IPPR calls for new energy efficiency policy to cut green levy burden

The Institute of Public Policy Research (IPPR) is calling for the current energy efficiency strategy to be replaced with a ‘help to heat’ policy to help alleviate the burden of green levies on low-income groups.

The IPPR has released a report saying green levies are falling disproportionately on low-income groups, and warned that unless the costs can be changed in way that protects vulnerable low-income households, support for decarbonisation will be lost from these sections of society.

It is calling for a help to heat strategy “to ensure energy efficiency initiatives are more effectively targeted at fuel-poor households” and for a green levy allowance to be offered to every consumer to reduce the burden on lower-income households and to “incentivise energy efficiency.”

The IPPR says this would save consumers billions in terms of their contribution and “recast levy-funding in a progressive manner.”

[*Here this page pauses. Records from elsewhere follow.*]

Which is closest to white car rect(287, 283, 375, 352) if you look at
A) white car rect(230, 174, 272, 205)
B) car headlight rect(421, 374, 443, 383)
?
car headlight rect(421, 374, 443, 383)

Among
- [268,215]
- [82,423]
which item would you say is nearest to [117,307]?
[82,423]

The IPPR said: “As the amount of levy-funded spending for this programme increases in the coming decades, this will have a damaging impact on these groups, and attract controversy, which could threaten existing commitments to decarbonisation.”

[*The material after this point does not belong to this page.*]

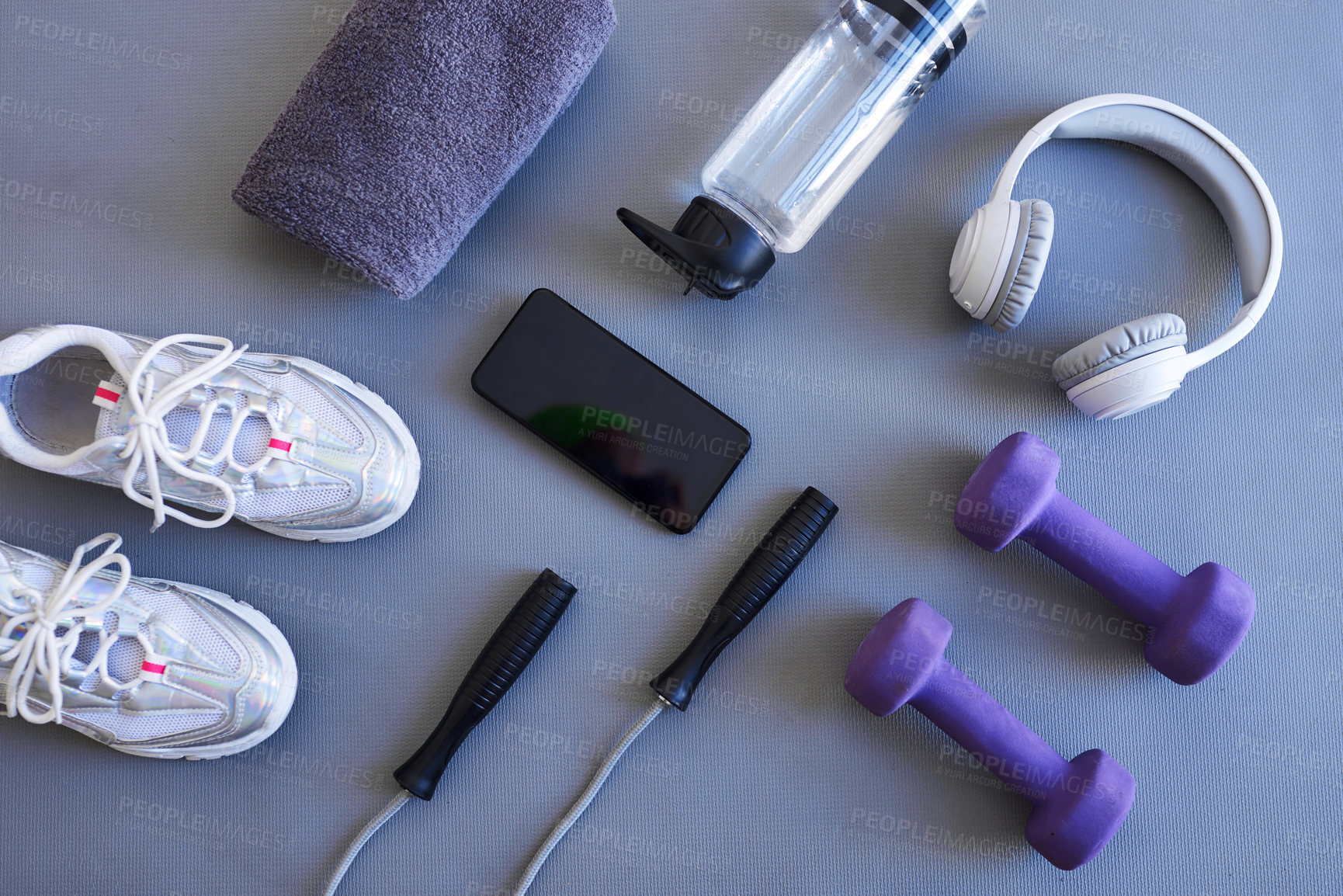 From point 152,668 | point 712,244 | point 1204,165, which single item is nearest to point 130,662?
point 152,668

“Each consumer could be offered levy relief without jeopardising climate targets, and this could be delivered in such a way that it helps to incentivise energy efficiency.”

Trade body Energy UK’s chief executive Lawrence Slade defended the energy companies’ support to low-income households, saying: “Energy companies work hard to both make homes warm and energy efficient and support those facing difficulties paying their bills.”

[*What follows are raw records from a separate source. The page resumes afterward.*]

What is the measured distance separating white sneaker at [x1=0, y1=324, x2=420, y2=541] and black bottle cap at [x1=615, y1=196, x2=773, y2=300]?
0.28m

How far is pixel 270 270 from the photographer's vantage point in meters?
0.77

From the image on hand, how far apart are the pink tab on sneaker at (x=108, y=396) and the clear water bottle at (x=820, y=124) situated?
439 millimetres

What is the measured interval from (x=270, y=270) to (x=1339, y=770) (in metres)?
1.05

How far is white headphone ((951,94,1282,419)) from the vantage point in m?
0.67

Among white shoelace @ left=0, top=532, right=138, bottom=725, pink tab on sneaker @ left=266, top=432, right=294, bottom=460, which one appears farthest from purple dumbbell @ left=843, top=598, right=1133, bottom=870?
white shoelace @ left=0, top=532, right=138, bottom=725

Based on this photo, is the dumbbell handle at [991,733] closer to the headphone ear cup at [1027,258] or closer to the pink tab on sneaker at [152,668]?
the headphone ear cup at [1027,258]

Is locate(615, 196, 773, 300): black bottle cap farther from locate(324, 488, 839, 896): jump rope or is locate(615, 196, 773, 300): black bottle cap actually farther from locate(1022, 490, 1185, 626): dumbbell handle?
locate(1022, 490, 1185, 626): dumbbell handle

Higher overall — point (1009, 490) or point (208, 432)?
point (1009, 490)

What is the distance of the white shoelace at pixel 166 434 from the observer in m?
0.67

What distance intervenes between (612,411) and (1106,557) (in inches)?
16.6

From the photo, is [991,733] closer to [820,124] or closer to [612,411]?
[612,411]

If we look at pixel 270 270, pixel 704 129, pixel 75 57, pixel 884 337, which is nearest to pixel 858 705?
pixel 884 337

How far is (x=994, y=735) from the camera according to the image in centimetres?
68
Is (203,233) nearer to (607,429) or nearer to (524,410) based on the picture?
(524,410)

“They spend hundreds of thousands of pounds each year to help customers in difficulty, through a number of programmes including the Warm Home Discount and trust funds.”

The IPPR is also calling for an end to the Conservative ban on future onshore wind development, to replace the capacity market with a strategic reserve, and to make offshore wind consent easier for developers to procure to lower costs, and to introduce public ownership for new nuclear capacity as other ways of reducing the cost burden on consumers.